コロナ禍においては、多くの企業がリモートでの営業やコールセンター運営、在宅勤務への切り替えを行っている。MiiTelはもともとPCとヘッドセット、ネット環境が整っていればどこからでも電話業務が可能になるシステムだが、「MiiTelを使って在宅業務の環境を整える企業は、コロナの影響もあって急増しています」と會田氏はいう。
「我々が提供する3つの価値、すなわちブラックボックス問題の解消、担当者のセルフコーチングの実現、リモートワーク環境の実現・最適化というのは、業界や規模を問わず、どこでも実現したいこと。金融機関からメーカーまで、一部上場企業から中小企業まで、広くあまねく導入いただいています」(會田氏)

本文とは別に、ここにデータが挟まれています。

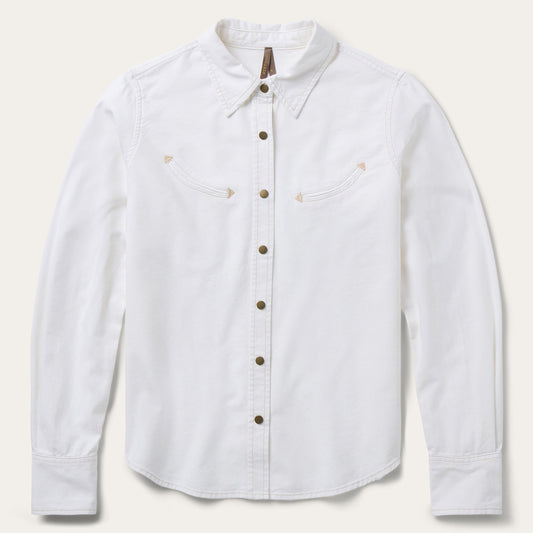 Smile Pocket Denim Shirt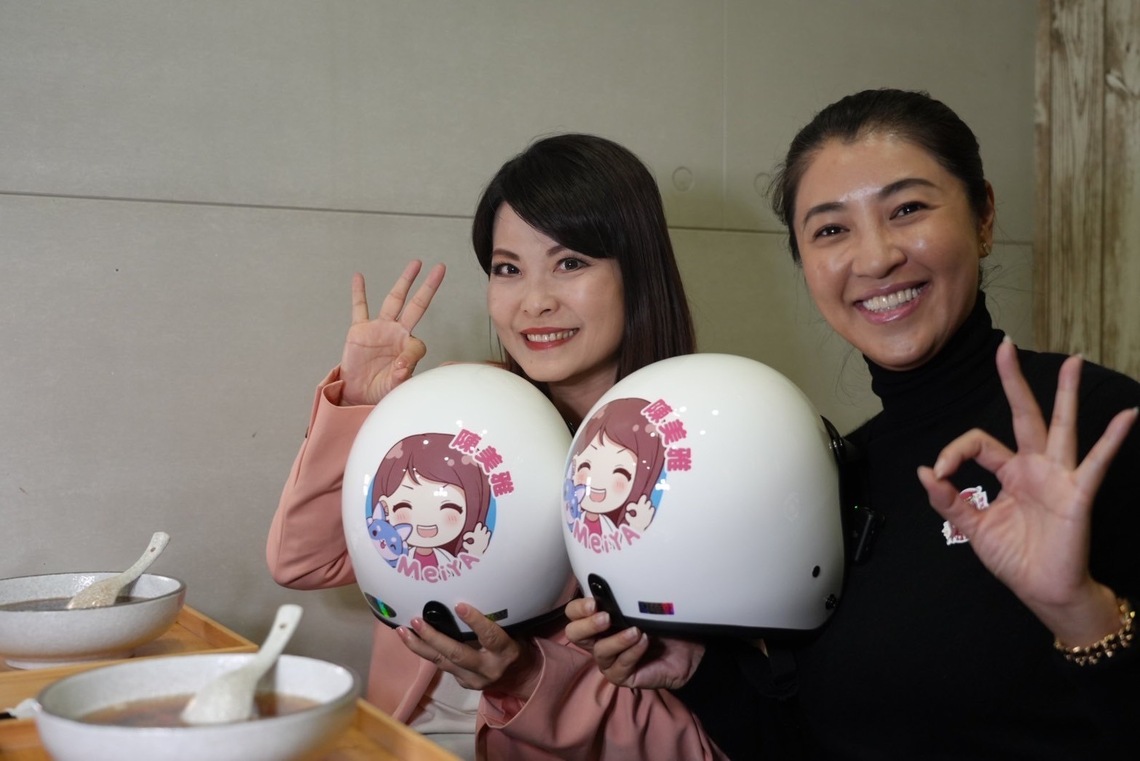 漾新聞|韓家軍雙美合體 陳美雅政見推「女姓凍卵補助」許淑華喊「我用得到！」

MiiTelにより起きた“電話のGmail化”がテレワーク推進にも貢献
電話業務の生産性向上だけでなく、周辺業務の効率化や導入・管理・運用コストの削減でも、MiiTelは役立っていると會田氏は話している。
経営や情報システム部門の視点では、電話営業部隊やコールセンター立ち上げは、従来なら電話機手配から電話線の接続、PBXをインストールするサーバーの準備などで、時間も費用もかかることだった。會田氏は「MiiTelにより、電話のGmail化のようなことが起きた」と説明する。
「MiiTelを使えば、ユーザーを追加するだけで、電話環境が整います。電話機器は一切不要になり、そのコスト削減効果だけでもMeeTelを導入する意味が出てきます」(會田氏)
事業責任者やIT担当者の観点でも、電話担当者の割当作業をウェブサービスの画面上から完結できるため、オペレーションコスト、管理コストが抑えられると會田氏はいう。
「着信ルールの設定も簡単で、自動応答機能やリストを使ったアウトバウンドコール発信など、小さな規模の企業でも受電・架電業務の生産性向上を図れます。電話番号ごとのステータス、エージェント別の応対状況なども一覧できるなど、電話プラスアルファの機能の全てがここに実装されています」(會田氏)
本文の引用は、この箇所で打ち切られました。